C’è stato invece poco prima dell’intervento di Puigdemont un appello del presidente del Consiglio europeo Donald Tusk, che ha chiesto al leader catalano di evitare l’irreparabile. Probabilmente ha avuto effetto. Il cammino già percorso dal governo secessionista catalano è impressionante. Ha potuto tenere il referendum nonostante la repressione di Madrid, ha reso la causa catalana popolare nel mondo, grazie anche allo shock delle immagini delle cariche della polizia spagnola contro la folla ai seggi. Ma sul cammino della vera indipendenza, il difficile inizia ora.

Perché la Catalogna possa diventare davvero una Repubblica in grado di reggersi sulle sue gambe, un accordo con Madrid sembra necessario. Come avevano capito i dirigenti sloveni. Puigdemont  ha teso ancora una volta la mano a Madrid: ‘Non abbiamo nulla contro la Spagna e contro gli spagnoli. Anzi, vogliamo capirci meglio. Non siamo delinquenti, pazzi o golpisti, siamo gente normale che vuole poter votare’.

Il ‘president’ ha ricordato l’infelice vicenda dello ‘statuto catalano’ del 2006, ratificato dal popolo della Catalogna e poi bocciato nel 2010 dalla Corte costituzionale spagnola, ‘i cui giudici sono eletti dai due grandi partiti’ di Madrid, Pp e Psoe. Così la Catalogna, ha accusato, è stata ‘umiliata’. Da allora sono iniziate le marce oceaniche per l’indipendenza a Barcellona, e la corsa al referendum. La sospensione della dichiarazione di indipendenza deve permettere uno spazio di dialogo, ha auspicato Puigdemont. L’obiettivo è arrivare a un compromesso con Madrid.
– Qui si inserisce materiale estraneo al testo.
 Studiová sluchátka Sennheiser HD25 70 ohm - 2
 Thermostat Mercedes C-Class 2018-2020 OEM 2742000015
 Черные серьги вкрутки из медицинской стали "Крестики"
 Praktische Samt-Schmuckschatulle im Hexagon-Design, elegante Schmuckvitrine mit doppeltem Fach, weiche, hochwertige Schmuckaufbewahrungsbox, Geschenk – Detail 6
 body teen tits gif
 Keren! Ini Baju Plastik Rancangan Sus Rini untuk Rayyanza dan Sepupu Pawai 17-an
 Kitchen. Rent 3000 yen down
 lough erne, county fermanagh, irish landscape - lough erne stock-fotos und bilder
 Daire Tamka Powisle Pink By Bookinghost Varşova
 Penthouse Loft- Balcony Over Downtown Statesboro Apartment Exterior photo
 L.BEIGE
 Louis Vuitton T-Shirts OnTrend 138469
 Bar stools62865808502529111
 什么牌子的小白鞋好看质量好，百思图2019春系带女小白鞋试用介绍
In realtà  Carles Puigdemont ha scelto di dare un colpo al cerchio e uno alla botte. O almeno di provarci. Con le mani legate dalla legge sul referendum,  che lo obbligava a dichiarare l’indipendenza, Puigdemont ha scartato l’idea di una dichiarazione ‘sull’indipendenza’ anziché ‘di indipendenza’ perché, non solo Cup, ma anche Esquerra Republicana hanno detto chiaramente che non ci sarebbero stati.

E allora ha scelto la dichiarazione di indipendenza con immediata sospensione per tentare di avviare una trattativa con Madrid. Tv3, la tv catalana, ha captato il dialogo tra Jordi Cuixart, presidente di Òmnium Cultural – una delle associazioni chiave dell’indipendentismo – e il vicepresidente Junqueras. ‘Se il presidente dice: tra sette giorni, questi (la Cup) possono dire, perché tra sette giorni? Occhio che la Cup parte come una moto!’. ‘Dirà nei prossimi giorni! È mezz’ora’, gli replica Junqueras,  ‘che discutiamo se costituiamo un stato indipendente se dichiariamo uno stato indipendente, una repubblica indipendente. Vogliamo discutere ancora?’. Alla fine Puigdemont trova la sintesi. ‘E speriamo basti per fermare Madrid’, dice ai suoi.

Al momento c’è una  dichiarazione di indipendenza unilaterale, pur se sospesa. Con il rischio di vedersi congelare l’autonomia e travolgere dalla magistratura.